Ontem à noite (21/04), após muito tempo, assisti à Globo durante alguns minutos. Queria saber o que era dito sobre a concessão de graça ao condenado Daniel Silveira. Foi como se o controle remoto da TV me levasse a um universo paralelo, que tanto poderia ser o kafkiano despertar do cidadão Josef K., quanto o pesadelo orwelliano narrado no livro 1984. Ali, nada era como de fato é. Essa sensação só passou quando me dei conta de ser disso mesmo que se tratava. Os ministros do STF são habitantes do mesmo universo. Convivem com aqueles que se creem detentores de todo o poder e a todos mais reduzem a proporções nanométricas.
Mencionarei apenas quatro exemplos dentre tantos.

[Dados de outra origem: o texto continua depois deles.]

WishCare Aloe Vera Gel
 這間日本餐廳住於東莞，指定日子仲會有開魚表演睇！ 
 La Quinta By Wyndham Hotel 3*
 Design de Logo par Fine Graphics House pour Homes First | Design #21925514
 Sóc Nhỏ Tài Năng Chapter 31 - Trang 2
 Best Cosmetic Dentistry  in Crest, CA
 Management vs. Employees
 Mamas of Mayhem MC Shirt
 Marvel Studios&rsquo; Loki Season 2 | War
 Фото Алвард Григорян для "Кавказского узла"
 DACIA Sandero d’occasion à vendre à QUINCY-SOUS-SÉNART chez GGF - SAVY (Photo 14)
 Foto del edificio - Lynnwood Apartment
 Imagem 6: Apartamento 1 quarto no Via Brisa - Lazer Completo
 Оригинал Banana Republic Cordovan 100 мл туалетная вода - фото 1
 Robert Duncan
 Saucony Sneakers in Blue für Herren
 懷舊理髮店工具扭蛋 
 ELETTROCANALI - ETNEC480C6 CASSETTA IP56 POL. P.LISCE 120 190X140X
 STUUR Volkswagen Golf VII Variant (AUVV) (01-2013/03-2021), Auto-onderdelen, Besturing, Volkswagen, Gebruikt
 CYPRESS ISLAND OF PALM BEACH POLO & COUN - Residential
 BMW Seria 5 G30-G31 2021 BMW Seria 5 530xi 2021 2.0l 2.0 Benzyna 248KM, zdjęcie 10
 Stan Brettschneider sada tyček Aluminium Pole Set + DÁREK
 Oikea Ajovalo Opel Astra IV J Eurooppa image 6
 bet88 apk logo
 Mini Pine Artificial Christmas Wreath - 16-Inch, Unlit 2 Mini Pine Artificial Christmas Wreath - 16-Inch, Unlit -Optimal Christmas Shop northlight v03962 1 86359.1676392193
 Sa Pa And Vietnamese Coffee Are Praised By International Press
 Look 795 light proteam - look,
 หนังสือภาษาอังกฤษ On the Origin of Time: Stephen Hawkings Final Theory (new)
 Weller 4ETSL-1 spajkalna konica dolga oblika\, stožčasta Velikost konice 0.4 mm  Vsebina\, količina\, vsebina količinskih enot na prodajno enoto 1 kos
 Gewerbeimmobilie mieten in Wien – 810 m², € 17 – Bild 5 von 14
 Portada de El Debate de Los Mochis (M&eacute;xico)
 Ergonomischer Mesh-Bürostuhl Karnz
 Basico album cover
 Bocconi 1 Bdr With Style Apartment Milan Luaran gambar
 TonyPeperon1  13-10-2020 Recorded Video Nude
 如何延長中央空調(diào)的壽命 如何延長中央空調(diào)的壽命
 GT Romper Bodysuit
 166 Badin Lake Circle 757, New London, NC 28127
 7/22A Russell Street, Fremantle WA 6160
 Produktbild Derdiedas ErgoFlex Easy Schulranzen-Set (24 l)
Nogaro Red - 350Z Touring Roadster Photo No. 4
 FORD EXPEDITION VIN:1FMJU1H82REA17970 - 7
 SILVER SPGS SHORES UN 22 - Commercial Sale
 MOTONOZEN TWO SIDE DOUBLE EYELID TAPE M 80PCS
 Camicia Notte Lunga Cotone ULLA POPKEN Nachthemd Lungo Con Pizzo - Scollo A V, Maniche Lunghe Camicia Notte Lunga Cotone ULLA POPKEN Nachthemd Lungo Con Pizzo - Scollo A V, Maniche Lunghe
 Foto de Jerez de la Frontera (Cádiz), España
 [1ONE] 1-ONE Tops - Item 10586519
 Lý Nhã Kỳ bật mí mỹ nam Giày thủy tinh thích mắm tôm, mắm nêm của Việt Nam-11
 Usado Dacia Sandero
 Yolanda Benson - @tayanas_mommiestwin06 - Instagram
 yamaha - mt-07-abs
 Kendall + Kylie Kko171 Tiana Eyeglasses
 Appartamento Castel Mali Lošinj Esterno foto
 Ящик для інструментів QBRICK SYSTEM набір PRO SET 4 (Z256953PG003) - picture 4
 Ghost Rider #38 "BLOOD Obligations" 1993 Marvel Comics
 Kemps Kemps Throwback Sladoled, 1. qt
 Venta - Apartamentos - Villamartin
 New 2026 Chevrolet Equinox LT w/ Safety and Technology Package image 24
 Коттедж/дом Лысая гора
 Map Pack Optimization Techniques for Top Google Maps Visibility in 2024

Lá onde vivem,
um vídeo na nuvem do YouTube dá motivo para prisão em flagrante, por ordem judicial, em horário noturno;
o preceito constitucional que assegura a inviolabilidade dos congressistas por quaisquer opiniões palavras e votos está submetido à “opinião” dos ministros do STF sobre cada congressista e sobre suas respectivas opiniões e palavras;
um mesmo vídeo pode encerrar uma sequência de crimes continuados e as penas somadas até exceder 8 anos (o bastante para que o 1/6 da pena seja cumprido em regime fechado);
a vítima da injúria pode relatar o processo e julgar quem o ofendeu; o ministro Alexandre cometeu o ato falho de, em seu voto, colocar-se pessoalmente como objeto da agressão.
Creem que aqui, no universo dos fatos e dos “súditos”, ninguém viu coisa alguma, ninguém percebeu a absurda desproporção entre as acusações e as penas, nem o odor amargo da vingança proporcionada pela bandeja que deveria bem servir à justiça, à democracia e ao Estado de Direito. E creem, por fim, que, à exceção deles, este é um país de idiotas.
Erraram todos. Errou Daniel, duas vezes errou o colegiado do STF, e duas vezes errou a Câmara. Em boa hora, agiu o presidente. Há poucos minutos, ouvi a sempre brilhante e robusta opinião do Prof. Dr. Ives Gandra da Silva Martins. Falou pela Nação, pela Justiça e pelo Direito. Por quem falam os que nos falam desde seu universo paralelo?